What if the Venom that is seen in the post-credits scene of No Way Home is actually a Variant of Tom Hardy's Eddie Brock that is aware of Peter Parker's identity through a Spider-Man from his universe? This would mean that the Eddie Brock in the Let There Be Carnage post-credits stinger has been sent to a slightly different version of the MCU...for whatever reason.
If that theory seems too farfetched, the comics may offer a more reasonable, comic-based explanation.
The Symbiote Hivemind
In the pages of Marvel Comics, there exists a concept known as the symbiote hivemind, which has the ability to connect the minds and memories of symbiotes across time, space, and universes. If another symbiote that is part of the hive knows of Peter's identity, then Tom Hardy's Venom would have this knowledge as well, even if Eddie Brock doesn't realize it.
Perhaps this was the key that allowed Doctor Strange's spell to cherry pick Venom and bring him over.
This does raise the question of why Topher Grace's Venom wouldn't also be transported over, as he explicitly knew Peter Parker's identity and died at the hands of Spider-Man. If the Venom from Spider-Man 3 had access to the symbiote hivemind too then he would've known Peter's identity twofold, making Grace's Eddie Brock doubly eligible for Strange's spell.
Reassessing The Amazing Spider-Man 2
Returning back to Electro, there might be a brief moment that Max Dillon may have figured out Peter Parker's identity in The Amazing Spider-Man 2 -- or at least seen the man underneath the suit.

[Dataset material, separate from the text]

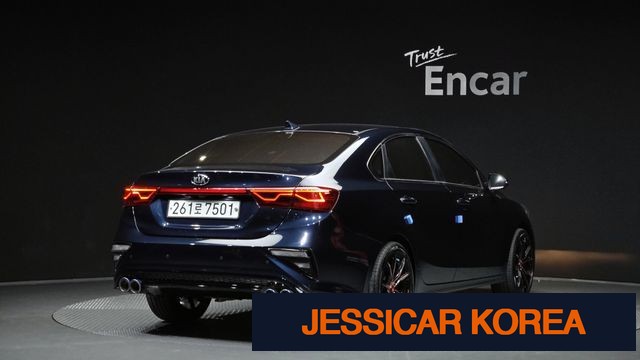 2020 Kia All new K3 - Thumbnail 2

During the final battle between Andrew Garfield's Spider-Man and Electro, the electrifying villain turns himself into pure energy and collides with the web-slinger multiple times. Perhaps when Dillon electrocutes Spider-Man in his energy form, -- and stay with me now --- his atomic composure allows him to get close enough in proximity to see what's underneath Spidey's costume. A bit perverse maybe, but this might be the only time that Electro would be able to make this discovery.
It might be a bit odd for Dillon to find this out and then not bring it up, but hey, they're in the heat of the moment; there were more pressing matters to worry about.

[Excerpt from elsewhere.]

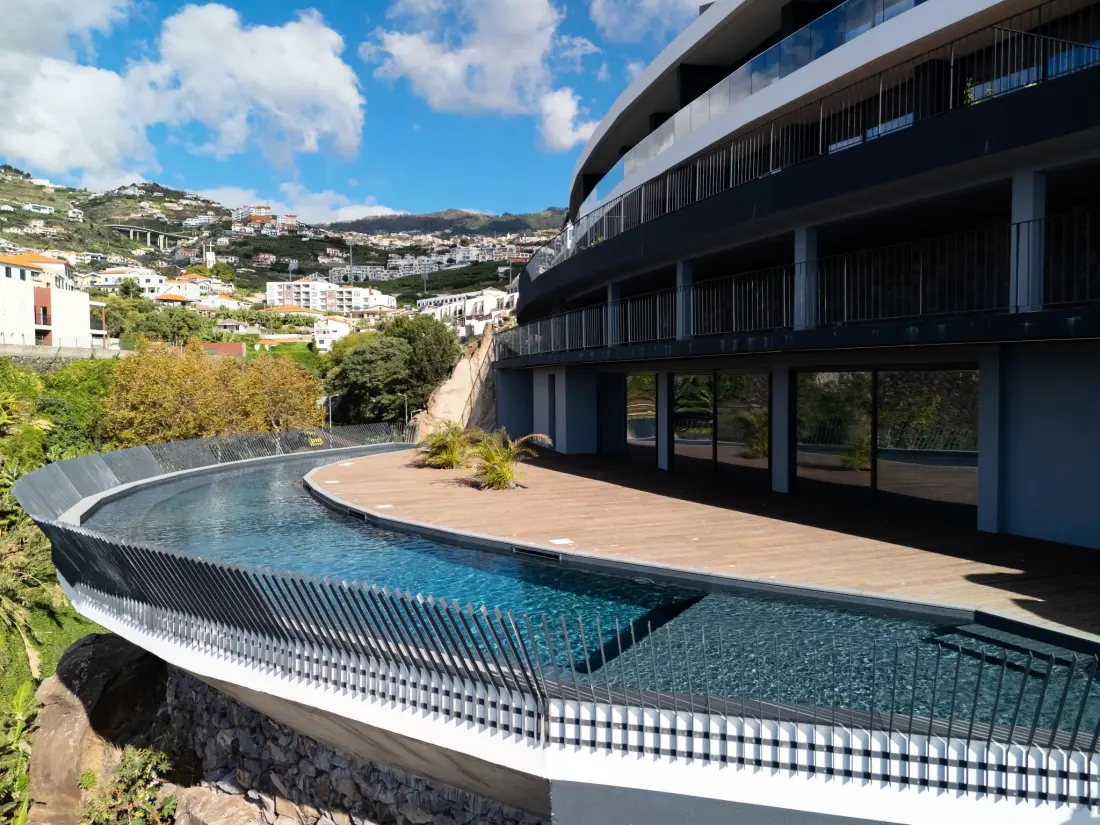 Résidence Atlantic Heights bei Holiday Rental Madeira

Doctor Strange Screwed it Up
We started with a dumb theory, and now we're ending with another dumb theory (or maybe all of these theories have been dumb?). What if the former Sorcerer Supreme simply messed things up a bit more than he previously thought?

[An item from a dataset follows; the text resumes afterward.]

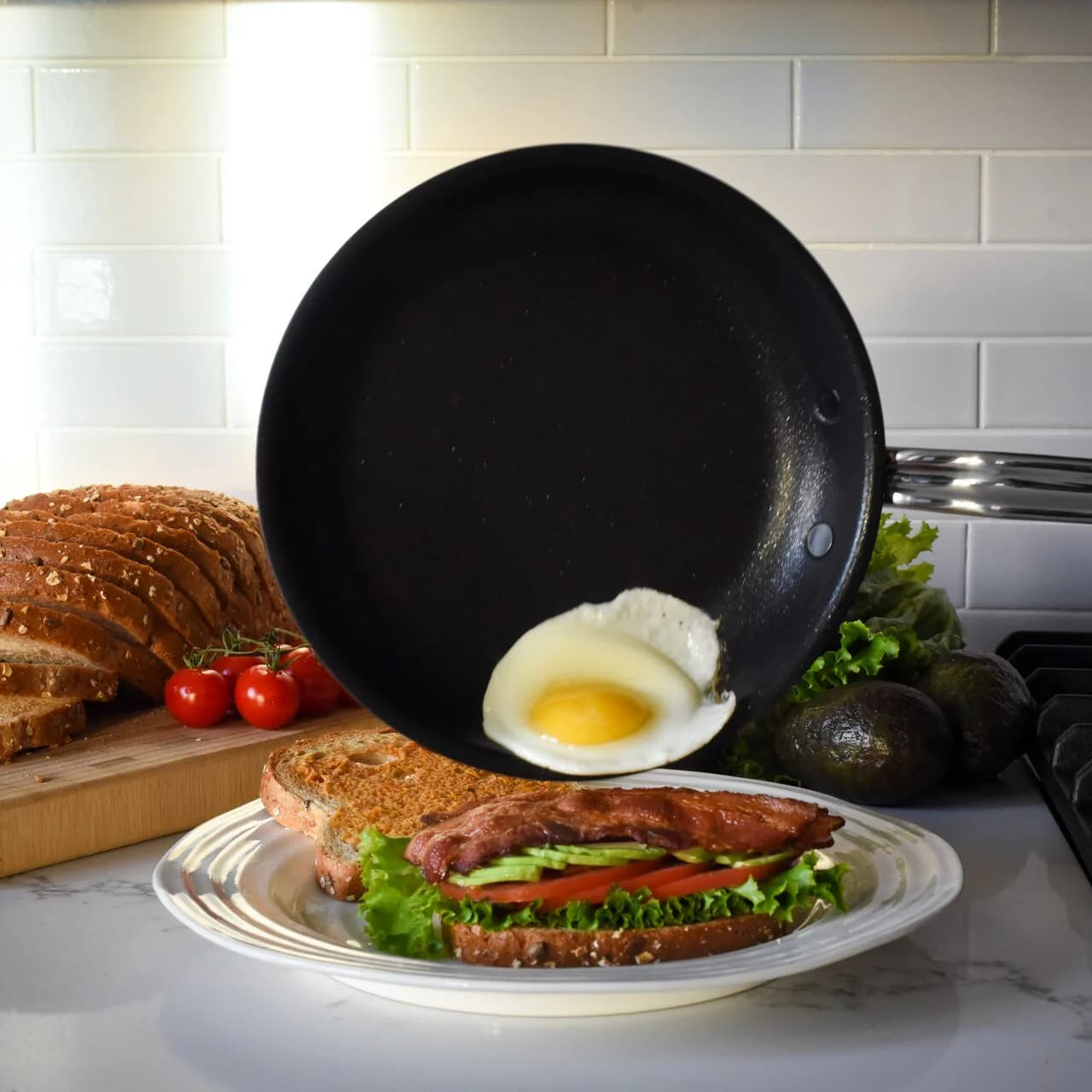 From Stove to Oven: Best Stainless Steel Skillets for Versatile Cooking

While the heroes established a few commonalities between the Multiversal visitors, there's always the chance that a couple of anomalies slipped in somehow. Perhaps the spell analyzed the universes, saw an Electro and Venom that knew Peter Parker's identity but then plucked the wrong ones.
Regardless of the reasoning behind these blunders, this plot hole might impact the film's internal logic but it ultimately doesn't take away from the absolute joyride that No Way Home delivers on. Spider-Man: No Way Home provided a fun caper with Multiversal villains while also including necessary closure for them in the same breath.
One can nitpick the finer details, but the ability for Marvel Studios and Sony Pictures to bring all of these actors together for one massive blowout is an enormous feat. Perhaps once the spoiler grace period has lifted, someone involved with the film will be able to provide a suitable explanations for these lingering questions.
Spider-Man: No Way Home is in theaters now.